== EXERCISE ==
Word for word, restate the lines of the listing below from the line with "Gentle Skin Micro" through the line with "0.30 carat Pear diamond D VS2 VeryGood", and do not include the pictures.

== RECORDS SUPPLIED ==
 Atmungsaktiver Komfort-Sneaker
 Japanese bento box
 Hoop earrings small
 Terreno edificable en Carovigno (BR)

* * *

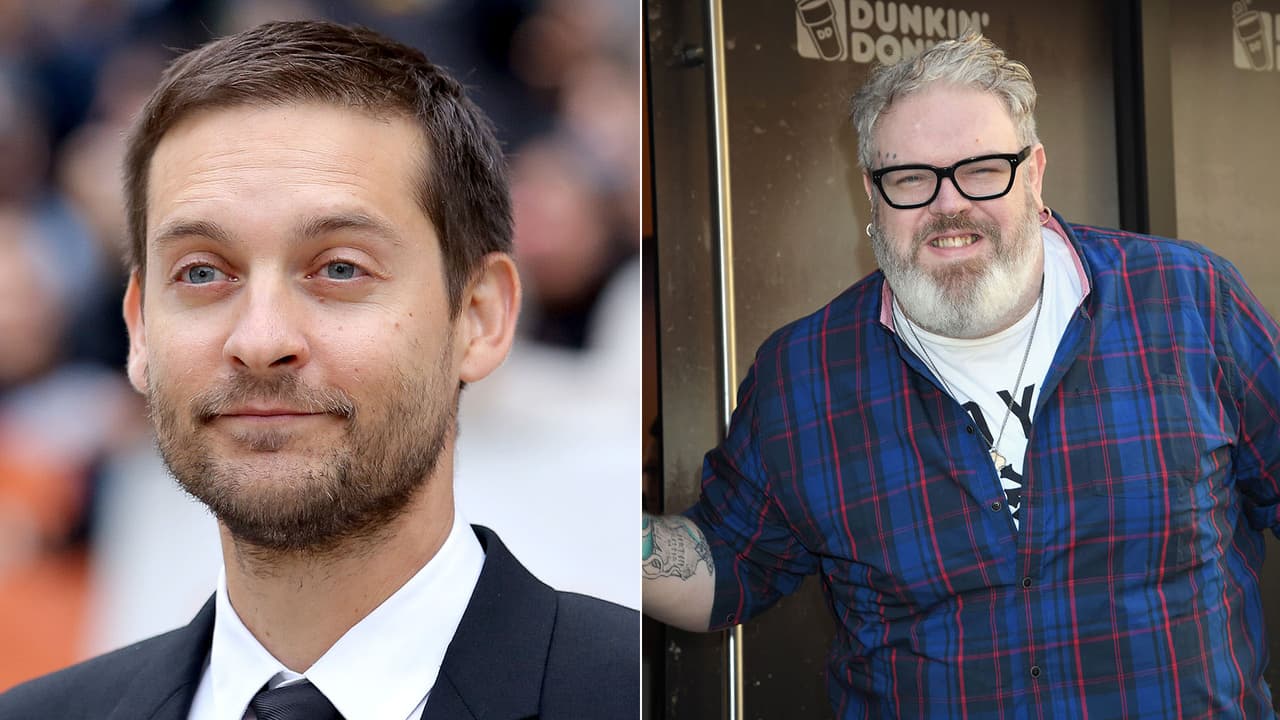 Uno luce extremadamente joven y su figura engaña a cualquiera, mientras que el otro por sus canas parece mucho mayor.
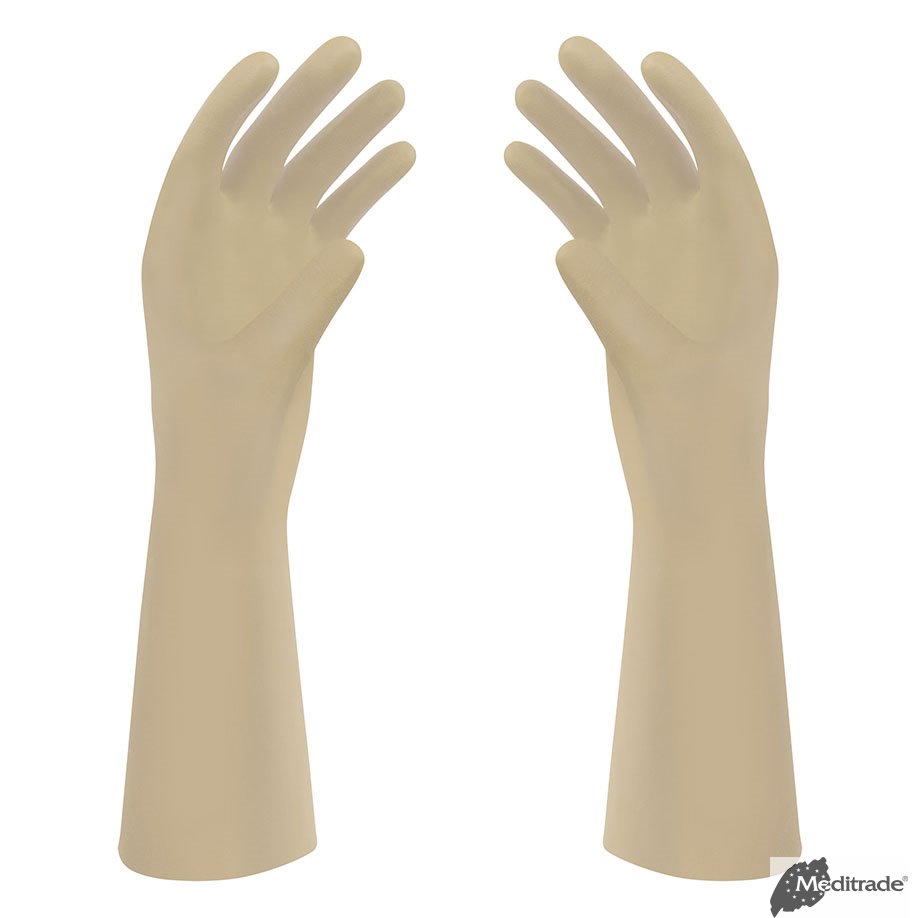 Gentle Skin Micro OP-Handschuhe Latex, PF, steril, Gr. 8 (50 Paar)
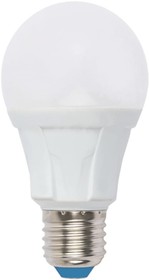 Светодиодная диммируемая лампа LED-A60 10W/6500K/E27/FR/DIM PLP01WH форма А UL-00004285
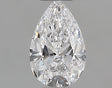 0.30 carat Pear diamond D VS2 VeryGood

== RESULT BELOW ==
 Gentle Skin Micro OP-Handschuhe Latex, PF, steril, Gr. 8 (50 Paar)
 Светодиодная диммируемая лампа LED-A60 10W/6500K/E27/FR/DIM PLP01WH форма А UL-00004285
 0.30 carat Pear diamond D VS2 VeryGood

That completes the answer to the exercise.